Discussing Differences In Action

Author Colin Wright provides some useful advice for disagreements within relationships in his book, Some Thoughts About Relationships. In a section of the book, Wright focuses on our arguments and disagreements with our partners, and how we can have more constructive discussions instead of heated arguments. His advice requires some self-awareness and self-reflection in the moment, and shifts how we approach an argument.

“In practice, this means that instead of accusing or otherwise trying to put your partner on their guard, you ask them what’s going on from their perspective. Don’t interrupt, don’t offer any defense, just allow them to speak. Ask questions when they’re done, and with as little bias in your voice as possible. Request clarifying information and encourage them to provide it by delaying judgement. Speak calmly, clearly, and without talking down to them; condescension has no place in a discussion.”

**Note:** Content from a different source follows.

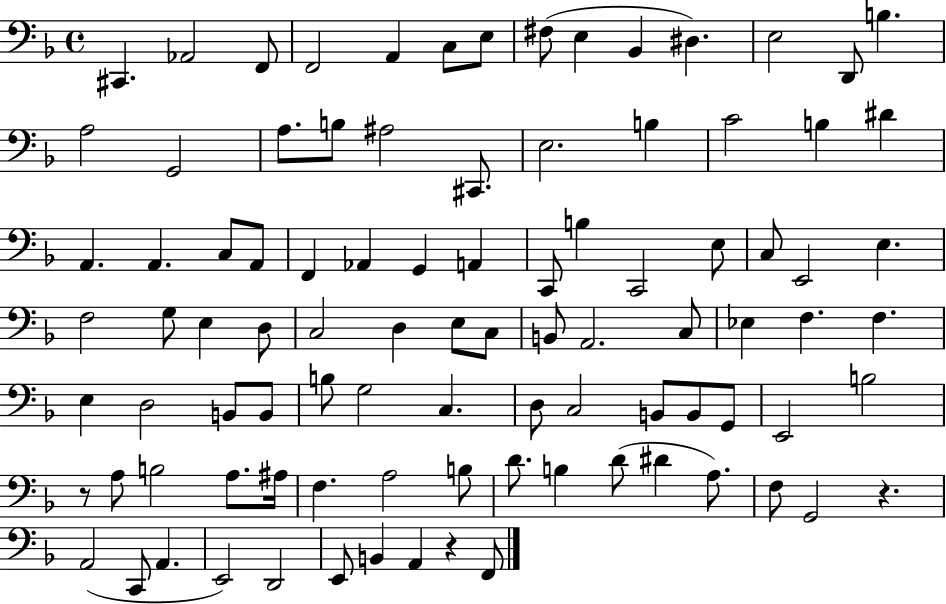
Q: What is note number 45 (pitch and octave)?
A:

Wright’s quote has a lot of practical and useful advice that is worth remembering. Many of his points are simple, but are not easy since they push against our typical reactions in any given disagreement. To follow his advice, it is important to be aware of how you are reacting in the moment, and to shift perspective, focus, and goals so that you are not trying to win an argument, but are instead trying to better understand your partner.

By not accusing the other person of some fault, we lower their defenses and allow them to be more relaxed and cognitively engaged in our discussion, as opposed to passionately entrenched against us. By asking for their perspective without interrupting we allow them to explain their thoughts, de-escalate the tension, and learn about their experience which we cannot argue against since their perspective, different from our own, determines the reality they experience. By delaying judgement and speaking honestly and openly, without bitterness or sarcasm, we show the other person that we do care about them, and we have an opportunity to share our point of view and experiences to hopefully create a constructive dialogue.

If we do not try to win an argument, and if we do not see our interactions with others as zero sum, we can have rational discussions and invite more positive conversation into our lives and relationships. It is challenging to change course and direction during an argument, and it is tempting to react emotionally and impulsively, but slowing our brain, remembering Wright’s advice, and acting rationally can be constructive for all involved.